Muhammadiyah Menolak, Jokowi tetap Deklarasikan Hari Santri 22 Oktober

 Muhammadiyah Menolak, Jokowi tetap Deklarasikan Hari Santri 22 Oktober

CIVILITA.COM – Walaupun ormas Muhammadiyah secara resmi menolak adanya Hari Santri Nasional, rupanya Presiden Joko Widodo tetap akan menjadikan 22 Oktober sebagai Hari Santri.

Deklarasi itu akan dilakukan di Masjid Istiqlal Jakarta pada Kamis (22/10) mendatang.

“Presiden akan meresmikan Hari Santri di Istiqlal. Salah satu rangkaian acaranya adalah dzikir bersama masyarakat dalam deklarasi tersebut,” kata Direktur Jenderal Pendidikan Islam Kementerian Agama Kamaruddin Amin di kantornya, Jl. Lapangan Banteng, Jakarta Pusat, Senin (19/10).

Menurut Kamaruddin, pendeklarasian Hari Santri Nasional akan menjadi peristiwa penting dalam sejarah Indonesia.

“Ini bisa menjadi deklarasi yang memberi konstribusi untuk meningkatkan hubungan Islam dengan negara. Hal ini juga sekaligus dapat menunjukkan kepada dunia bahwa Indonesia menjadi contoh yang baik soal hubungan agama dengan negara,” kata dia.

HSN, kata dia, akan menjadi titik tolak upaya mengarusutamakan santri ke tengah peradaban. Sejauh ini, kalangan santri masih tergolong terpinggirkan dan kerap dipandang sebelah mata.

Di masa perjuangan kemerdekaan Indonesia, kata dia, kaum santri tidak dapat diremehkan perannya.

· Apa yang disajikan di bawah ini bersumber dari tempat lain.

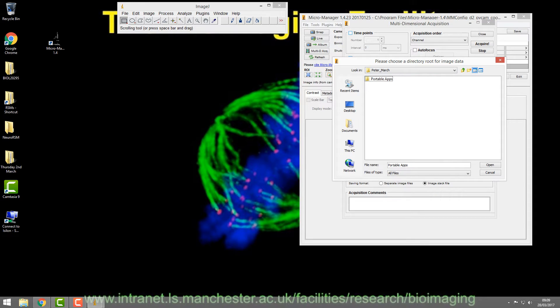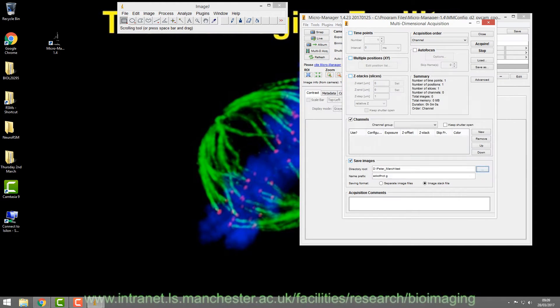Make yourself a folder — you can nest folders if you want. Create a new one, name it 'test', and that's the directory it will save to. Then give it a name like 'slide A positive'. Everything will then be named incrementally, so the first image will be 'slide_A_positive_1', then '_2', automatically saving as it goes along.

Beberapa tokoh nasional sejatinya merupakan kalangan santri, seperti Hasyim Asyari (Nahdlatul Ulama), Ahmad Dahlan (Muhammadiyah), A Hassan (Persis), Ahmad Soorkati (Al-Irsyad), Mas Abd Rahman (Matlaul Anwar) dan lainnya.

Penetapan 22 Oktober, masih kata Kamaruddin, mempunyai landasan kokoh kepahlawanan dari sisi sejarah dengan adanya resolusi jihad melawan penjajah pada masa awal Indonesia mempertahankan kemerdekaan.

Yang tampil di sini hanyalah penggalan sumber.